(Provided data begins)
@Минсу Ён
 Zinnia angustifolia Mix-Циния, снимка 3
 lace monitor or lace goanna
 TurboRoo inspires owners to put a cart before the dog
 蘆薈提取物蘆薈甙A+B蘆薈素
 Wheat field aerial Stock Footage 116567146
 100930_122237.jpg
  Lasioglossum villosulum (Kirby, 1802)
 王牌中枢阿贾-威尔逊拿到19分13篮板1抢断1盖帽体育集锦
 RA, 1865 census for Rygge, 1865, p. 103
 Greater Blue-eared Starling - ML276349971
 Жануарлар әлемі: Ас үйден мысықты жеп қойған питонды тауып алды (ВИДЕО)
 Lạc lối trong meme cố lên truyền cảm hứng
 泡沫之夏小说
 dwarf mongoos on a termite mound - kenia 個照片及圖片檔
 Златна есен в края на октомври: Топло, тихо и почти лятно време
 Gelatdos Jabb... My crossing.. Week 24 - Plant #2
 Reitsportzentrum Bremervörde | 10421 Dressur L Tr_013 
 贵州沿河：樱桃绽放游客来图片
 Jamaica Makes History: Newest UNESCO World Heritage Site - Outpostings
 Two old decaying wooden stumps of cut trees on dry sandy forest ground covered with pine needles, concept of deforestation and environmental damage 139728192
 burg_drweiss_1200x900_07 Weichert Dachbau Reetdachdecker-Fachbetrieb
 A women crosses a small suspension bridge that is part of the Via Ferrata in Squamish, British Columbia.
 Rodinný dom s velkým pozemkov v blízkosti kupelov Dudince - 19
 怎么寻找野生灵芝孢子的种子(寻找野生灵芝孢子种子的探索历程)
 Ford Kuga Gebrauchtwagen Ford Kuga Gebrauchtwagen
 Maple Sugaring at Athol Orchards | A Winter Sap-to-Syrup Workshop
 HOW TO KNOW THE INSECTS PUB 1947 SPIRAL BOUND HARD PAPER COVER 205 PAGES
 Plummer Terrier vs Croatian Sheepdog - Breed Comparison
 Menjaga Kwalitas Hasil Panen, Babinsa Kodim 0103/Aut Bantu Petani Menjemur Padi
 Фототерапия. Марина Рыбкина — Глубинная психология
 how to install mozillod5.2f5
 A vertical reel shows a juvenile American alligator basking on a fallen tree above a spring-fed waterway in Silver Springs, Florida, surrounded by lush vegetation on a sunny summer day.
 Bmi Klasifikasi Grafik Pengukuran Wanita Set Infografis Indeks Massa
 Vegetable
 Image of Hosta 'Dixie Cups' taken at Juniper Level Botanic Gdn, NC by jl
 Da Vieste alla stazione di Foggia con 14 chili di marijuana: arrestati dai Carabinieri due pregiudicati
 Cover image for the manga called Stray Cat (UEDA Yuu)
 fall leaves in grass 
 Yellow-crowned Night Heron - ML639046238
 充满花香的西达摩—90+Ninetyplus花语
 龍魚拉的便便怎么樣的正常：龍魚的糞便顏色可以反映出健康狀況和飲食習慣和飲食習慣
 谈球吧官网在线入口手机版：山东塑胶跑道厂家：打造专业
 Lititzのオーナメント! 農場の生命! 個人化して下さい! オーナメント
(Provided data ends)
Problem details
Look through the entries above and quote exactly the lines from the line with "蘆薈提取物蘆薈甙A+B蘆薈素" to the line with "贵州沿河：樱桃绽放游客来图片", counting both of those lines.

Exercise output
 蘆薈提取物蘆薈甙A+B蘆薈素
 Wheat field aerial Stock Footage 116567146
 100930_122237.jpg
  Lasioglossum villosulum (Kirby, 1802)
 王牌中枢阿贾-威尔逊拿到19分13篮板1抢断1盖帽体育集锦
 RA, 1865 census for Rygge, 1865, p. 103
 Greater Blue-eared Starling - ML276349971
 Жануарлар әлемі: Ас үйден мысықты жеп қойған питонды тауып алды (ВИДЕО)
 Lạc lối trong meme cố lên truyền cảm hứng
 泡沫之夏小说
 dwarf mongoos on a termite mound - kenia 個照片及圖片檔
 Златна есен в края на октомври: Топло, тихо и почти лятно време
 Gelatdos Jabb... My crossing.. Week 24 - Plant #2
 Reitsportzentrum Bremervörde | 10421 Dressur L Tr_013 
 贵州沿河：樱桃绽放游客来图片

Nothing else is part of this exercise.